3/4 cup, plus 1 to 2 tablespoons if needed

neutral frying oil

Quantity

4 cups

canola or grapeseed

soy sauce

Quantity

2 tablespoons

rice vinegar

Quantity

1 tablespoon

water

Quantity

1 tablespoon

sugar

Quantity

1 teaspoon

toasted sesame seeds

Quantity

1 teaspoon

scallion

Quantity

1

finely sliced

green chili or cheongyang chili (optional)

Quantity

1 small

thinly sliced

Equipment Needed

  • Heavy 3 to 4 quart pot or Dutch oven
  • Deep-fry thermometer
  • Wire rack set over a tray
  • Long chopsticks or spider strainer
  • Paper towels

Instructions

  1. 1

    Cut the squid

    Separate the squid bodies from the tentacles if your fishmonger has not done it. Cut the bodies into 1 cm rings, or split them open and cut 2 cm wide strips. Leave the tentacles in small clusters. The pieces must be close in size, because squid gives you a short window: undercooked is slippery, overcooked is rubber.

  2. 2

    Season and dry

    Toss the squid with 1/2 teaspoon salt, the pepper, and rice wine or soju. Let it stand 10 minutes, then drain and pat every piece dry with paper towels. Do this properly. Wet squid throws oil and makes the batter slide off, and then the cook blames the recipe instead of the towel.

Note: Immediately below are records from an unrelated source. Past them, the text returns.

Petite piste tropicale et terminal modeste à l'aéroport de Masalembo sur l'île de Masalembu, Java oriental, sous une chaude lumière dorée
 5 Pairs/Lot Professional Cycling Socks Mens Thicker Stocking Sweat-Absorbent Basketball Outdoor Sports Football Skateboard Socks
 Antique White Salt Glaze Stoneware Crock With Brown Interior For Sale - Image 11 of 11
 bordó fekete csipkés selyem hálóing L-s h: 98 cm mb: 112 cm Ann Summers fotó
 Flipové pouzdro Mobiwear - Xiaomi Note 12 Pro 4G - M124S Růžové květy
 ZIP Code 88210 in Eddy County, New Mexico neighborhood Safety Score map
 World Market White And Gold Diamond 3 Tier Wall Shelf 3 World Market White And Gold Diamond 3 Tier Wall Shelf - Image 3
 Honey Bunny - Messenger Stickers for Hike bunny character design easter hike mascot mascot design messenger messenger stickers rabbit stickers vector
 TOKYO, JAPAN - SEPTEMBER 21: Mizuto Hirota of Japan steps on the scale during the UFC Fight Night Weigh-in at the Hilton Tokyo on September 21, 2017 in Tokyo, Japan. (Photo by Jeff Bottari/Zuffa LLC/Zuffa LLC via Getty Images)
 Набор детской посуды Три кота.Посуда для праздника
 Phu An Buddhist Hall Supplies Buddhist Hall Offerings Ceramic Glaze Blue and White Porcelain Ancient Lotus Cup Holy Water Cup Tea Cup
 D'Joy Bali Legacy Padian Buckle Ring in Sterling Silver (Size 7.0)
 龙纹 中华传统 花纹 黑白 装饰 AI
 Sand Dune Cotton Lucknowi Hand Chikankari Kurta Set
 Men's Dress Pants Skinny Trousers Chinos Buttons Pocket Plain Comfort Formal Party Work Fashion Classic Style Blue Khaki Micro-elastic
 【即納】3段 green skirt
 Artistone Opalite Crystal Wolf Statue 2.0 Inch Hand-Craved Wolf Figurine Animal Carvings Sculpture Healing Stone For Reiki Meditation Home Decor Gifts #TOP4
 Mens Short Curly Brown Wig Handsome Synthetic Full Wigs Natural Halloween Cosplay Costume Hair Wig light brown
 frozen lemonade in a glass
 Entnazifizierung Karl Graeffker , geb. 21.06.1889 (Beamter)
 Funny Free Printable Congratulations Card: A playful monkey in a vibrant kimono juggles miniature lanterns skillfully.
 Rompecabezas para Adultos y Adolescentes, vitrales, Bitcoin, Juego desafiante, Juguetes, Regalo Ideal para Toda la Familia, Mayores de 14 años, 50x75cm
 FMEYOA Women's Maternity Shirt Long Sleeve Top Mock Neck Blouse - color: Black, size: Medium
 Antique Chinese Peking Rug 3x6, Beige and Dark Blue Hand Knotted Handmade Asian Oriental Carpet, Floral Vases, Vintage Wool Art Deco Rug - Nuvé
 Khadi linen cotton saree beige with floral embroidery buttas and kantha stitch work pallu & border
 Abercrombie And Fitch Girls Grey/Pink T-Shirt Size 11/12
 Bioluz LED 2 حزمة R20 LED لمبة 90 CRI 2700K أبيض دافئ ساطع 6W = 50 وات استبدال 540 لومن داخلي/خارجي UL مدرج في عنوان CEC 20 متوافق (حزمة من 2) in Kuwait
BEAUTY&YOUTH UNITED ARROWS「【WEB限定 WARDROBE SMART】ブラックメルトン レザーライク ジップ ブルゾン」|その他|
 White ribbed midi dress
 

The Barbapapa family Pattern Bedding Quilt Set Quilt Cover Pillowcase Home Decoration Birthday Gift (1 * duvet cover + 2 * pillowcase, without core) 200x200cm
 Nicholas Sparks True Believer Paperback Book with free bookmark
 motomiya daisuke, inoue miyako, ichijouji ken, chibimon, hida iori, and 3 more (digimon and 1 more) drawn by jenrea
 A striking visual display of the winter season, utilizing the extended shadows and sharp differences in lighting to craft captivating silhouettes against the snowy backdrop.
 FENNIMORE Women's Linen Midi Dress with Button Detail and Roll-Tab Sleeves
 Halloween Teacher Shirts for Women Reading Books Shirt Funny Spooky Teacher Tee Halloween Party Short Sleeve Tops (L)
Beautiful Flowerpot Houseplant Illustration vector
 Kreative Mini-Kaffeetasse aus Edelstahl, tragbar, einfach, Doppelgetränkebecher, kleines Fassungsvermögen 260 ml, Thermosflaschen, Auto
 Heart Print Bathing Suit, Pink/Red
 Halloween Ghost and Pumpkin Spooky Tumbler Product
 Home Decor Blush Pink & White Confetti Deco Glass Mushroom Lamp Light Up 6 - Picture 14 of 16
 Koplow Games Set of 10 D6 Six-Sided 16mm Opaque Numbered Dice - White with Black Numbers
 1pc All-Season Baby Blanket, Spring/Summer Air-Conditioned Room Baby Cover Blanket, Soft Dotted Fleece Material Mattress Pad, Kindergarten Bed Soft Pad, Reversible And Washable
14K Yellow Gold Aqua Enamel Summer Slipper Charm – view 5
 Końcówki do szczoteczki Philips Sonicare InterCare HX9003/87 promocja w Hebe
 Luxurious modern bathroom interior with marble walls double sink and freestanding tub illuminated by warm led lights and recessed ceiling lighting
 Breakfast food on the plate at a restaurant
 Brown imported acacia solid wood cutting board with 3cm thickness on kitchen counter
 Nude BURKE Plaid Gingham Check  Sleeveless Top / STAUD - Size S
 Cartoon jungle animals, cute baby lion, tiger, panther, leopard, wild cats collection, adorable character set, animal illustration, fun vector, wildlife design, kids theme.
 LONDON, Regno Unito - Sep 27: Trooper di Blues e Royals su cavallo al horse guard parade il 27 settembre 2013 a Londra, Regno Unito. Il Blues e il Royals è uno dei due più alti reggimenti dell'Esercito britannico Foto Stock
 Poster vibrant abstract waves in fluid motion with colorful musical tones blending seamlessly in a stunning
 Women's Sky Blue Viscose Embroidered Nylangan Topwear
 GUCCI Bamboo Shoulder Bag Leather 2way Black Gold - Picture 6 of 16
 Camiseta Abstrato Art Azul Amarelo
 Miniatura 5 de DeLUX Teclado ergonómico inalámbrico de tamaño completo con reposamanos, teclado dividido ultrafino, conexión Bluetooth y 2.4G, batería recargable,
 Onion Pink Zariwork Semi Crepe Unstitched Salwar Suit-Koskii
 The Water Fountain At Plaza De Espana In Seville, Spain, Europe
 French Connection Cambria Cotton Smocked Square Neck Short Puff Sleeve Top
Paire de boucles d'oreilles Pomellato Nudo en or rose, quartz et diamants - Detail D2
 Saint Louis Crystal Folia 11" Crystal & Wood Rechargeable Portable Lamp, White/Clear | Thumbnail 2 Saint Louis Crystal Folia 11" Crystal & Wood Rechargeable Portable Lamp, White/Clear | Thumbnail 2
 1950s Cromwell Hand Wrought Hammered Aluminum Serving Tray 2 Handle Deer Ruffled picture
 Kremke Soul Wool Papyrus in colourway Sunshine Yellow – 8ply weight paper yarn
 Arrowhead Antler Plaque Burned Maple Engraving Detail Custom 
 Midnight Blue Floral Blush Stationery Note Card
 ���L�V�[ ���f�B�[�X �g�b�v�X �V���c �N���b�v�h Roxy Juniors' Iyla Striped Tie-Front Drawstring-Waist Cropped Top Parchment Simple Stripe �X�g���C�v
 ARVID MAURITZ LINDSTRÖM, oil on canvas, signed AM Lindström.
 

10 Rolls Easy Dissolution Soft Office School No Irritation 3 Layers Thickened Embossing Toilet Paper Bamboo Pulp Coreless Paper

    If using dried squid, soak 120g dried squid strips in warm water for 25 minutes, drain, and pat very dry. Use it in place of the fresh squid. It will be chewier and a little sweeter, the way some market stalls make it.
  3. 3

    Mix the dip

    Stir together the soy sauce, vinegar, water, sugar, sesame seeds, scallion, and chili if using. Let it sit while you fry so the scallion softens. This cho-ganjang, soy-vinegar dip, should be sharp enough to cut the oil, not sweet enough to taste like a sauce from a bottle.

  4. 4

    Heat the oil

    Pour the oil into a heavy pot so it is at least 7 cm deep and heat it to 175 C. Set a rack over a tray. If you do not have a thermometer, drop in a little batter: it should sink halfway, rise quickly, and fizz at the edges. If it browns at once, the oil is too hot; if it sits heavy at the bottom, wait.

  5. 5

    Make cold batter

    Whisk the 3/4 cup flour, potato starch, rice flour if using, baking powder, and remaining 1/2 teaspoon salt in a bowl. Beat the cold egg with 3/4 cup ice-cold sparkling water, then stir it into the dry mix only until streaky and loose. Lumps are allowed. Overmixing wakes up the gluten, and gluten makes a coat that chews instead of crisps.

  6. 6

    Dredge and coat

    Put the 1/2 cup flour for dredging in a shallow bowl. Toss the dried squid pieces lightly in the flour, shake off every loose patch, then dip into the batter. The dry flour gives the batter something to hold. Too much flour leaves dusty pockets, so be firm with the shaking.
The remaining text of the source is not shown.